■ Instructions to follow:
Retype the data exactly, from its first line to the line containing "Square bottle 1L", including both, and skip any picture.

■ Exercise data:
....

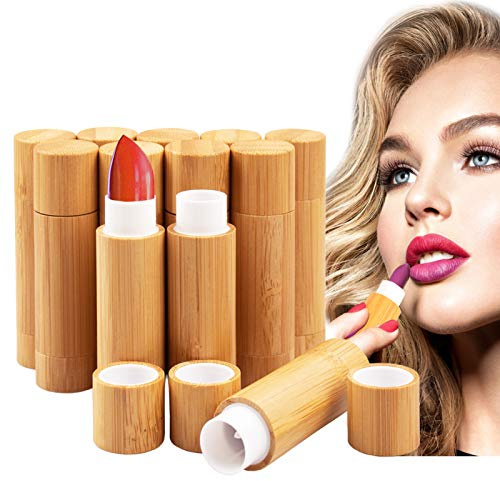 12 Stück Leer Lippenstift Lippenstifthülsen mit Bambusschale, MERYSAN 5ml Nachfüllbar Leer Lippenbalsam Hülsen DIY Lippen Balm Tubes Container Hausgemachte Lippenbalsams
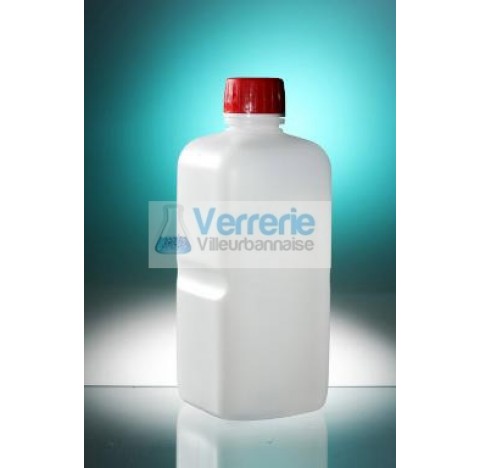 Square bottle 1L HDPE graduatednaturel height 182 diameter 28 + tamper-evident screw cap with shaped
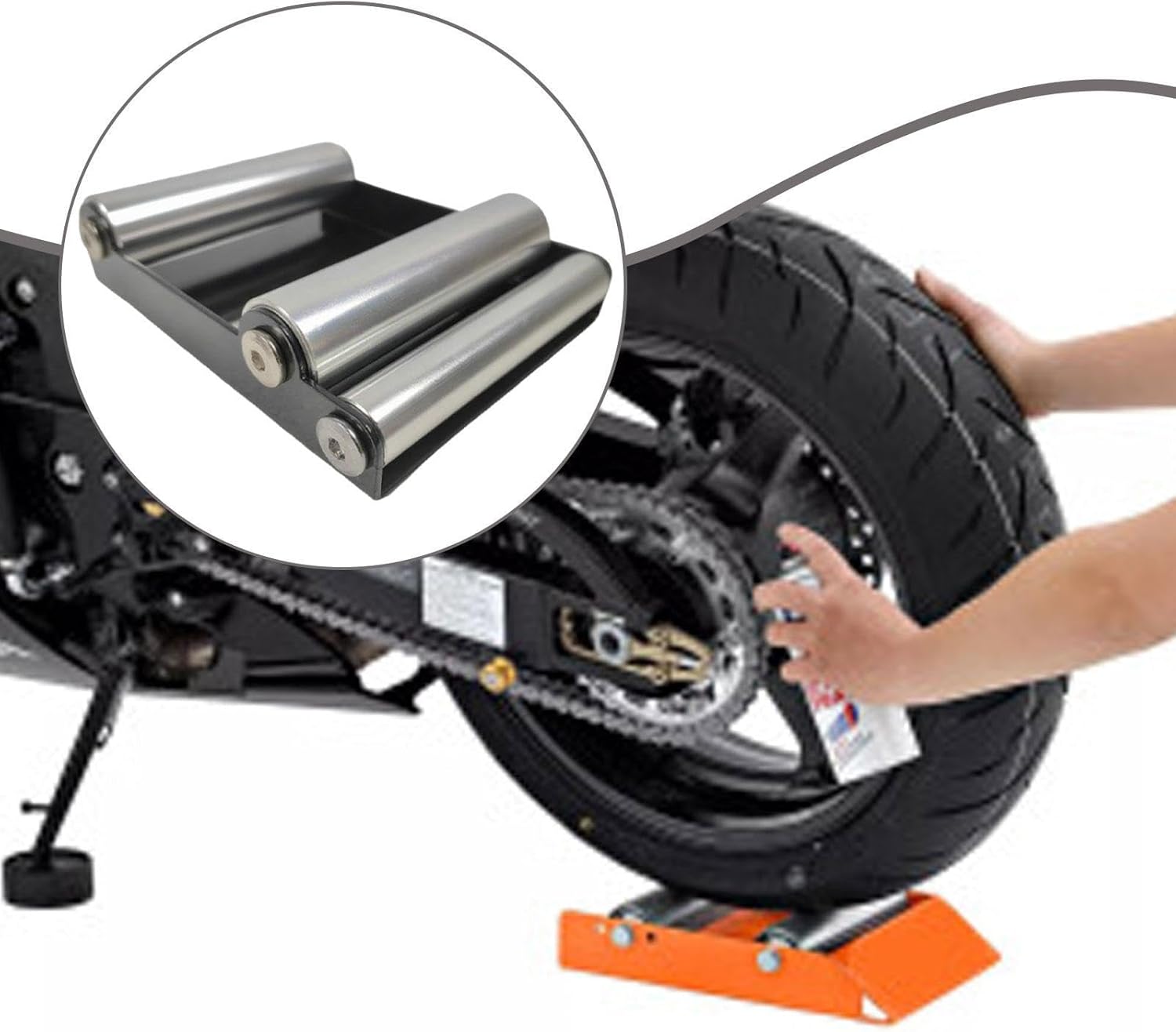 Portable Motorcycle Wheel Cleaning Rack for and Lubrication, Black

....

■ Exercise solution:
 12 Stück Leer Lippenstift Lippenstifthülsen mit Bambusschale, MERYSAN 5ml Nachfüllbar Leer Lippenbalsam Hülsen DIY Lippen Balm Tubes Container Hausgemachte Lippenbalsams
 Square bottle 1L HDPE graduatednaturel height 182 diameter 28 + tamper-evident screw cap with shaped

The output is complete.